La décision étant difficile à prendre, la Commission Juncker a choisi d’en faire porter la responsabilité en partie aux Etats membres. Charge aux ministres des finances de l’Union européenne, qui se réuniront mardi 12 juillet à Bruxelles, de lancer formellement la procédure de sanction. L’institution communautaire aurait dû constater le non-respect des engagements pour les budgets 2015 dès le mois de mai, mais à l’époque, elle avait préféré ne pas bouger, de peur d’influer sur la campagne pour les législatives qui battait son plein en Espagne.

Une mansuétude critiquée

Et pour ne pas donner l’impression de traiter plus durement le Portugal, la Commission lui avait aussi accordé un délai. Mais cette mansuétude avait été très critiquée par l’Allemagne, les Pays-Bas et la Banque centrale européenne, très pointilleux sur le respect du pacte, considéré comme essentiel pour la stabilité de la zone euro. Ouvertement attaquée pour son caractère trop « politique », notamment par les pays de l’Est depuis la victoire du « Leave » lors du référendum britannique du 23 juin, la Commission préfère désormais faire profil bas.

Les grands argentiers européens pourraient lancer la procédure formelle de sanctions, prévue par l’article 126.8 du traité de l’Union européenne (UE). « Difficile de ne pas confirmer ce que dit la Commission, les chiffres des deux pays parlent d’eux-mêmes » selon une source européenne proche du dossier. A dater de ce constat des ministres, la Commission aura vingt jours pour rédiger une recommandation de sanctions. « Elle a l’obligation juridique de proposer des sanctions », ajoute cette source.
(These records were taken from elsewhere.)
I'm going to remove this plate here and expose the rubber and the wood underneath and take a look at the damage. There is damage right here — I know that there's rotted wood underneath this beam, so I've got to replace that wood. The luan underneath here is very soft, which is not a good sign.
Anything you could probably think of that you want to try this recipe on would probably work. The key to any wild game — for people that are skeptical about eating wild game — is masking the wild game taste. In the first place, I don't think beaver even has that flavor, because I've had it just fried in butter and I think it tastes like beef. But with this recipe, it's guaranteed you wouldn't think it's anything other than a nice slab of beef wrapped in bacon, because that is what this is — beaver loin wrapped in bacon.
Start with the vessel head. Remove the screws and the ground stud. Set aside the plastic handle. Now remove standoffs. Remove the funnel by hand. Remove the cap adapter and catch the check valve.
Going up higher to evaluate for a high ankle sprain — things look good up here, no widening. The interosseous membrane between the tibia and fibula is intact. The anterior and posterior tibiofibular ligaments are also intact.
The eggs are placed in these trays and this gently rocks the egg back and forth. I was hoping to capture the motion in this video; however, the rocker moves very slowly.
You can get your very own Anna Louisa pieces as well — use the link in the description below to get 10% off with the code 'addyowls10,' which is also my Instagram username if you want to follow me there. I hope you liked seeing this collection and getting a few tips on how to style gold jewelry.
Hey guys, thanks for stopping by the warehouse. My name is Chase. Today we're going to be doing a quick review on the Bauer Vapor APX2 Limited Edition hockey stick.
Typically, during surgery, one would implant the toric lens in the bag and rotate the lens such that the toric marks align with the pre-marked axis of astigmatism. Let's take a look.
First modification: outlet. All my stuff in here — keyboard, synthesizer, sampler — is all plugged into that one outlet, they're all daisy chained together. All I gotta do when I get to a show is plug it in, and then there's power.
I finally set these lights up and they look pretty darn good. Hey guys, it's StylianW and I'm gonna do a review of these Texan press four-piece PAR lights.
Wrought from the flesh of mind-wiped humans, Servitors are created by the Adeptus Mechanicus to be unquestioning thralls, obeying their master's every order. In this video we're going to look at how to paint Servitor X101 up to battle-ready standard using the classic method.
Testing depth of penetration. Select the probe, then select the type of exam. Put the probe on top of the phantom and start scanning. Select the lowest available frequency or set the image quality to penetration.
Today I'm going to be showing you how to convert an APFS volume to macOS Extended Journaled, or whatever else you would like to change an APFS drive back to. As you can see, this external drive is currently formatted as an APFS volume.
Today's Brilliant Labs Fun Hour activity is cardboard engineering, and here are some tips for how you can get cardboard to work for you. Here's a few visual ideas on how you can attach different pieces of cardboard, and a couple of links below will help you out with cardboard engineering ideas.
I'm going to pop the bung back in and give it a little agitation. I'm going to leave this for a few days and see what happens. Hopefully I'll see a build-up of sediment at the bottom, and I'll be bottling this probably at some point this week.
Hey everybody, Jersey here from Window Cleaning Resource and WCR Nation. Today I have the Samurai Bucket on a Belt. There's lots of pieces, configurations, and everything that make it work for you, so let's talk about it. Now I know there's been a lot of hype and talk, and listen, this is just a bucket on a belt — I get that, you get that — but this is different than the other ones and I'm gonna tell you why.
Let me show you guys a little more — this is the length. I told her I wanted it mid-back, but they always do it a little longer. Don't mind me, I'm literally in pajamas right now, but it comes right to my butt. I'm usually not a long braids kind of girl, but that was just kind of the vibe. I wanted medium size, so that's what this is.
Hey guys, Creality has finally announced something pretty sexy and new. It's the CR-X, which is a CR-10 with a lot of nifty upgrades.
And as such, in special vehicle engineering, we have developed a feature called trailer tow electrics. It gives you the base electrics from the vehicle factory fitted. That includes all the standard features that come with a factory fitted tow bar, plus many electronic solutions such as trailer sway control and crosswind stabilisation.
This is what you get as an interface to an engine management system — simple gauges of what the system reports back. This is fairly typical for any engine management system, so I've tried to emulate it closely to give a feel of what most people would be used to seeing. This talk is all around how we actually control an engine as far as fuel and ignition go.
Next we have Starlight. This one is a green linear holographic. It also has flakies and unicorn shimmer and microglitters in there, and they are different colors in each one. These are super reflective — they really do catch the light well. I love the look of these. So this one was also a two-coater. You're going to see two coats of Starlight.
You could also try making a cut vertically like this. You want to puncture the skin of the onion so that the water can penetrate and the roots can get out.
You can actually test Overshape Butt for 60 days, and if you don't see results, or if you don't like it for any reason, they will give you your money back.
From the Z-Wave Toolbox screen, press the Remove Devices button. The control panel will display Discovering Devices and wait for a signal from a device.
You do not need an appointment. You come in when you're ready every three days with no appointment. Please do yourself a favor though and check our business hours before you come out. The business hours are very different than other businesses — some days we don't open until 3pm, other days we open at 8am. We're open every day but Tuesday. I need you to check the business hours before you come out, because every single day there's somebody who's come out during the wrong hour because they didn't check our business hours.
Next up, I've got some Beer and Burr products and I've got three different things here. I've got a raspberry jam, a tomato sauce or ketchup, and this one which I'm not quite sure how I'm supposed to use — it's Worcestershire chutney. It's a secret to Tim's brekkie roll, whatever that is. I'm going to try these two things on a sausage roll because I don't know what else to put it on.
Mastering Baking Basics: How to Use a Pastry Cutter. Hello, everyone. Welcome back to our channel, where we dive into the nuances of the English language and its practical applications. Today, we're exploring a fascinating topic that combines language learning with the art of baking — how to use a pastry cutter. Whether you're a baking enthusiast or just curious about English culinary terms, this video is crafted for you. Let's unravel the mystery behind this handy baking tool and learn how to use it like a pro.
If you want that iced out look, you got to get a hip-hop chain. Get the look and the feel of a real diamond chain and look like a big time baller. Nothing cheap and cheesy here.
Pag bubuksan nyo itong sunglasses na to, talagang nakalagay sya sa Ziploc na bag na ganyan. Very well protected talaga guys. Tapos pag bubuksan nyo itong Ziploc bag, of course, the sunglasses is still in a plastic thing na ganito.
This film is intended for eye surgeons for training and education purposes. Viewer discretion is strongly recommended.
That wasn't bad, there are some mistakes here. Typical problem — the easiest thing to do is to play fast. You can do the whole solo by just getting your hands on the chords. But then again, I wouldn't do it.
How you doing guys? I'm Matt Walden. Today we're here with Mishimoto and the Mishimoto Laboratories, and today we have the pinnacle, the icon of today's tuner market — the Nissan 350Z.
L’amende peut théoriquement aller jusqu’à 0,2 % du PIB des pays concernés et être assortie d’une suspension provisoire d’un minimum de trois mois des fonds structurels européens. De leur côté, les capitales ont dix jours, à dater du lancement de la procédure par le Conseil, pour s’engager à des réformes ou à des mesures additionnelles de réduction de leurs déficits, afin d’espérer faire baisser les amendes.

Des « sanctions égales à zéro »

La Commission a déjà envoyé plusieurs signaux sans ambiguïté : si Lisbonne et Madrid donnent des gages, les sanctions devraient rester symboliques. « Des sanctions égales à zéro sont une possibilité », a dit Pierre Moscovici, commissaire à l’économie européen, jeudi. Tout le monde à Bruxelles reconnaît que l’Espagne et le Portugal ont durement souffert de la crise financière de 2007-2008 et que ces pays ont subi des années d’austérité pour en sortir. « On doit tenir compte des efforts accomplis par ces deux pays, a déclaré Valdis Dombrovskis, premier vice-président de la Commission. Ils auront la possibilité de réagir, pour demander une réduction, voire une mise à zéro des amendes. »

Le ministre de l’économie espagnol, Luis de Guindos, a répété à plusieurs reprises ces dernières semaines qu’il s’attendait à une « amende de zéro euro », tout en soulignant qu’il était « impensable » que l’Espagne, qui a réduit son déficit public de 9 % en 2011 à 5,1 % en 2015, malgré deux années de récession, soit sanctionnée. Le 5 juillet, il déclarait encore être « sûr qu’il n’y aura pas d’amende », car « sanctionner l’Espagne serait une baisse de crédibilité de la zone euro ». « Notre objectif pour l’an prochain est de réduire le déficit public en dessous des 3 %, et je crois que nous pouvons très bien y arriver », a-t-il encore dit jeudi, après l’annonce de la Commission.

Mariano Rajoy, l’actuel premier ministre espagnol (PP, conservateurs), pressé par Bruxelles de trouver une coalition pour gouverner après les élections de la fin de juin, souhaite obtenir l’investiture du nouveau Parlement la dernière semaine de juillet, afin de travailler pour approuver un nouveau plafond du budget pour 2017. Mais il n’a encore trouvé aucun autre parti que le sien qui soit disposé à lui donner la majorité absolue au Parlement.